# What Is The Piranha?



## Brace (Apr 19, 2004)

Bad pictures, but need to know. I want to pick it up. It's super aggressive and tries to bite through the glass. It does have visible scutes, that are all directional towards the tail. Has a very blunt, pygo looking nose, unlike sanchezis I've seen. Also has red flames high above the lat line only on the left side. Pretty cool looking fish. 5.5" TL. I'm stumped. What do you guys think??


----------



## Ja'eh (Jan 8, 2007)

It looks like a true spilo.


----------



## bigshawn (Dec 29, 2005)

Ja said:


> It looks like a true spilo.


x2


----------



## Ja'eh (Jan 8, 2007)

Brace is the yellow on the fish from the gavel or is that how it looks on it's own?


----------



## Brace (Apr 19, 2004)

Ja said:


> Brace is the yellow on the fish from the gavel or is that how it looks on it's own?

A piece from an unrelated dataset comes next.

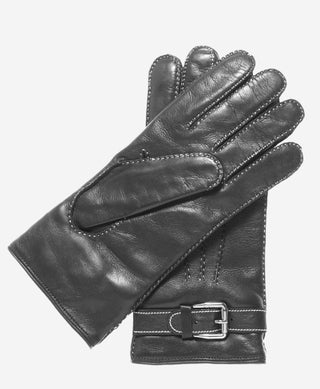CC3905 (black) - Men’s Italian cashmere lined leather gloves with shearling cuff - Glamourous Grace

The yellow is partial lighting and reflection. Mainly it's bright red. It definitely doesn't have the colors of those ruby red spilos that are around.


----------



## scotty (Oct 3, 2007)

looks like a black mixed with a red somehow? remember that guy that got that red that was kept by some chick that only got hotdogs for food? he was disformed, and kept in a real small tank. The member even took pics of the fish in the tank where the PO had it,,,,,, That's one cool fish though!!!!!! Grab it before it dies, grab a bunch of it's home water too, chit just grab the whole set-up


----------



## Ja'eh (Jan 8, 2007)

Brace said:


> Brace is the yellow on the fish from the gavel or is that how it looks on it's own?


The yellow is partial lighting and reflection. Mainly it's bright red. It definitely doesn't have the colors of those ruby red spilos that are around.
[/quote]

Than I retract my original statement, and I'll say sanchezi. Now that I look at it more I'm thinking sanchezi (purple varient). For a minute there it looked like one of those ruby reds that seem to be popping up a lot.


----------



## scotty (Oct 3, 2007)

good call on the sanchezi, is that a breeder tank??


----------



## Brace (Apr 19, 2004)

scotty said:


> good call on the sanchezi, is that a breeder tank??


 No, it's a divided tank at the shop.

Still have my doubts on the sanchezi. But, if it is, it's the most aggressive sanch I've ever seen. I'm still gonna grab it.


----------



## Johnny_Zanni (Nov 8, 2009)

I was also thinking S. Sanchezi


----------



## Soul Assassin (Nov 21, 2006)

Sanchezi


----------



## gtc (Nov 5, 2008)

I agree that it looks more of a sanchezi


----------